[Crawled caption data]
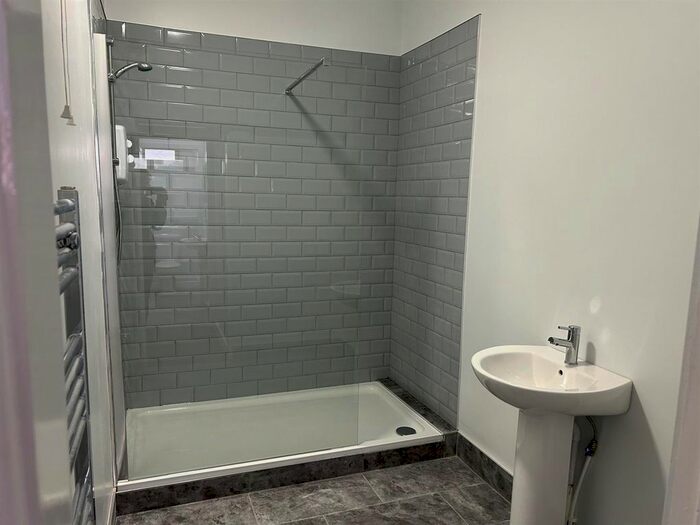 3 Bedroom Bungalow To Rent In Ransom Road, Mapperley, Nottingham, NG3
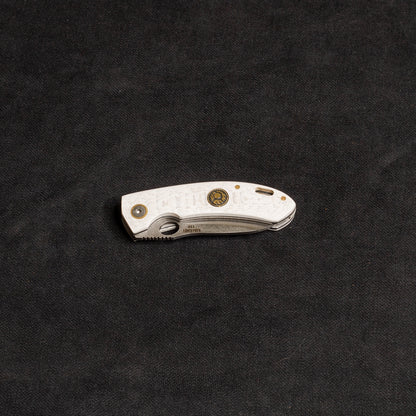 Kırçıllı Beyaz İçten Kilitli D2 Çakı  T10 - D2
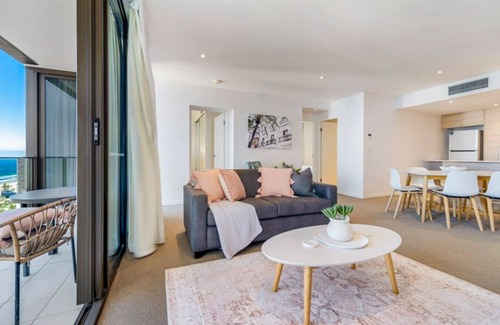 Broadbeach Condo | Modern 2BR Broadbeach - Ocean & Hinterland Views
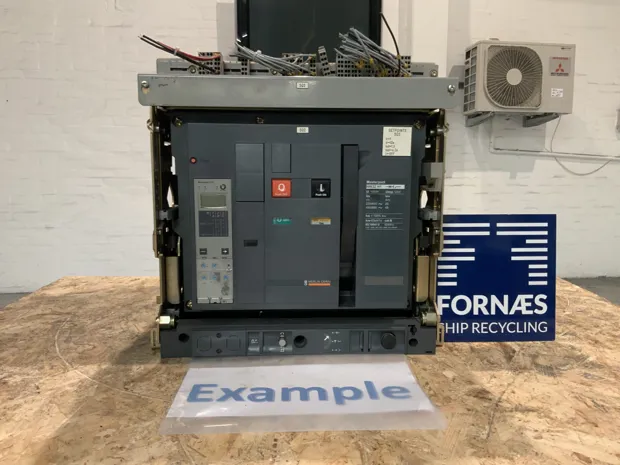 Image 1 of 4 - Merlin Gerin - NW32H1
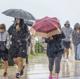 Imagen principal - Cantabria, en alerta amarilla por tormentas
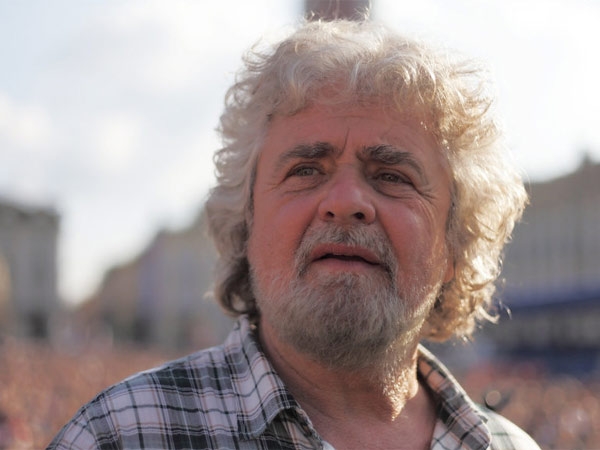 Regionali. Grillo a Renzi, De Luca il vero volto del PD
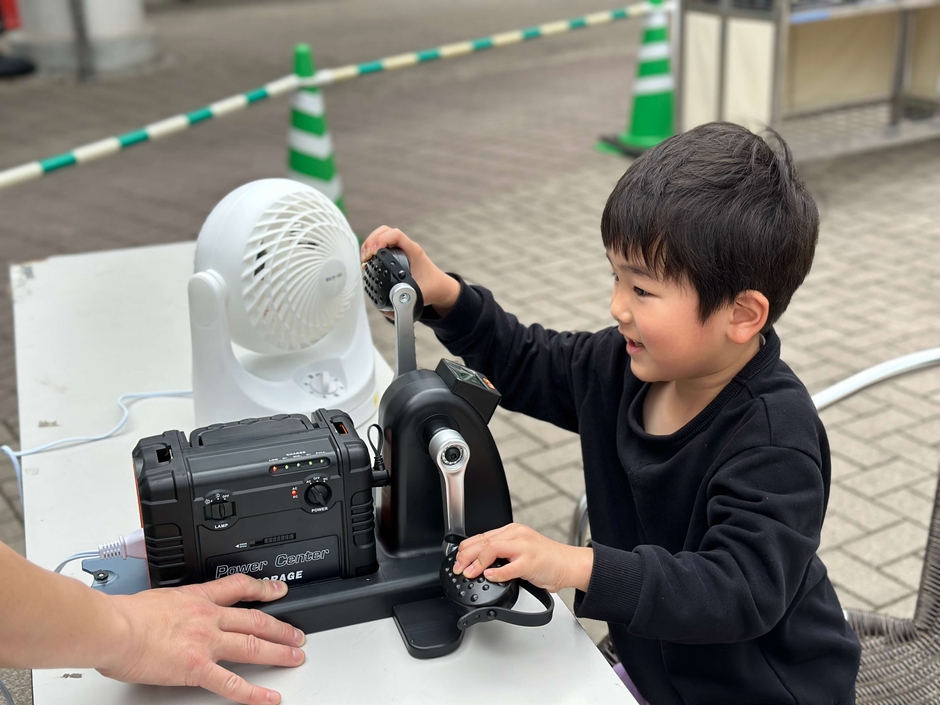 【手回し発電体験 イメージ画像】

Your goal
Starting at the line that contains "Kırçıllı Beyaz İçten", reproduce each line exactly through the end of the entries above, leaving every picture out.

Solution to the exercise
 Kırçıllı Beyaz İçten Kilitli D2 Çakı  T10 - D2
 Broadbeach Condo | Modern 2BR Broadbeach - Ocean & Hinterland Views
 Image 1 of 4 - Merlin Gerin - NW32H1
 Imagen principal - Cantabria, en alerta amarilla por tormentas
 Regionali. Grillo a Renzi, De Luca il vero volto del PD
 【手回し発電体験 イメージ画像】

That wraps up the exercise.